___ Exercise input ___
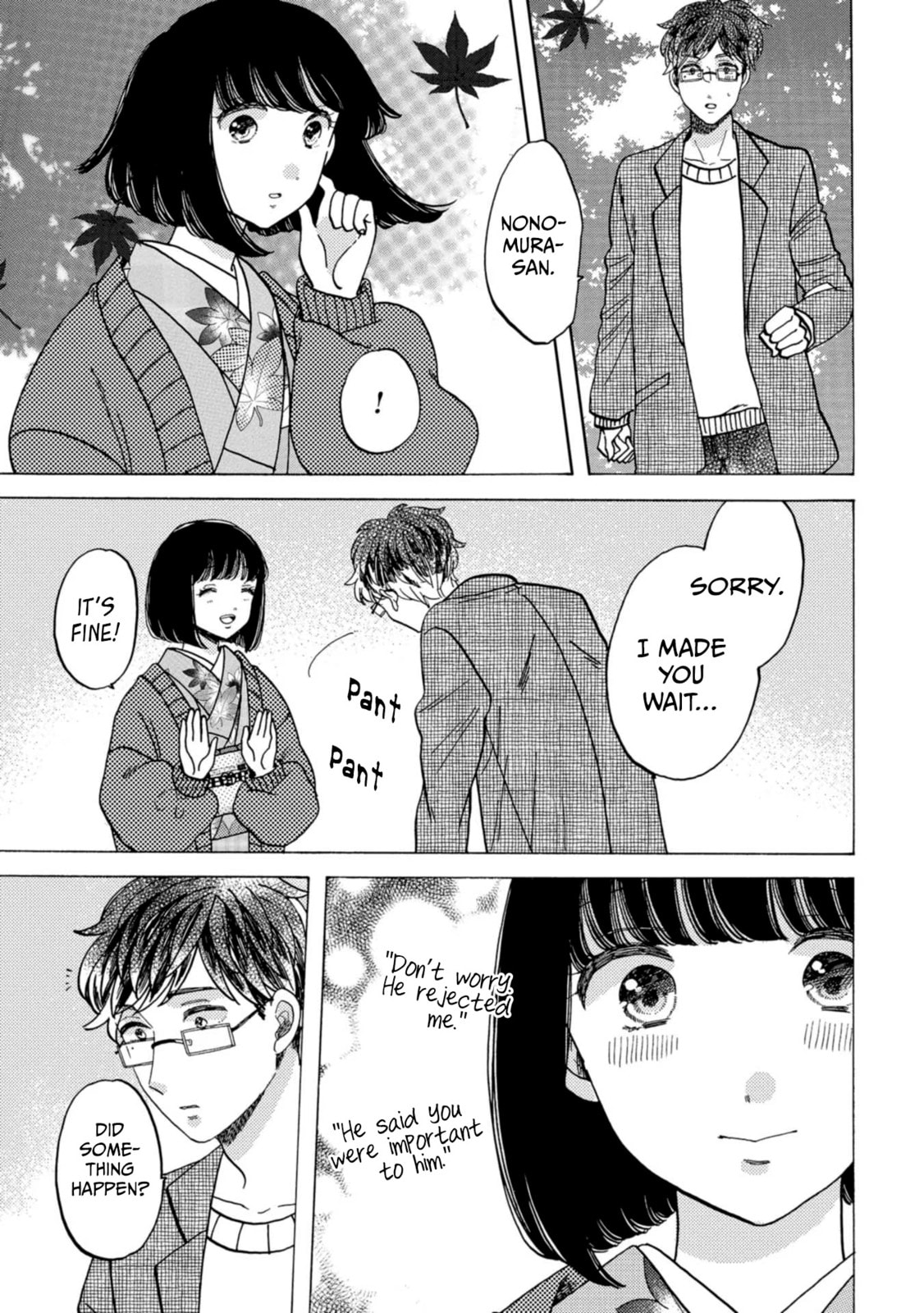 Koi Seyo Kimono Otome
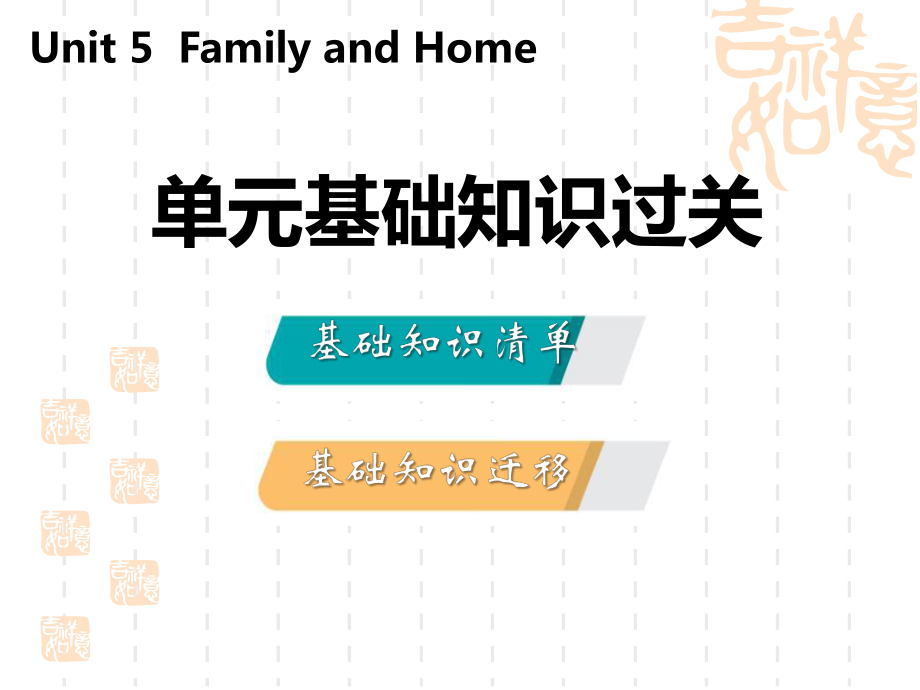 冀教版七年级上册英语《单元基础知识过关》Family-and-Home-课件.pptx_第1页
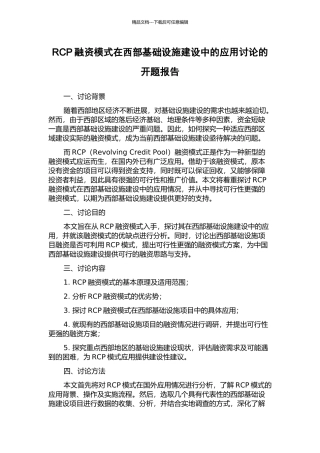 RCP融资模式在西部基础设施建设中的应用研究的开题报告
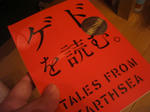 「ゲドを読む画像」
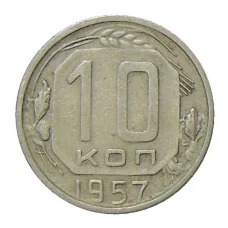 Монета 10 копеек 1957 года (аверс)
___
What the task requires: From the first line to the last, copy the records exactly and skip the pictures.

Response to the task:
 Koi Seyo Kimono Otome
 冀教版七年级上册英语《单元基础知识过关》Family-and-Home-课件.pptx_第1页
 RCP融资模式在西部基础设施建设中的应用研究的开题报告
 「ゲドを読む画像」
 Монета 10 копеек 1957 года (аверс)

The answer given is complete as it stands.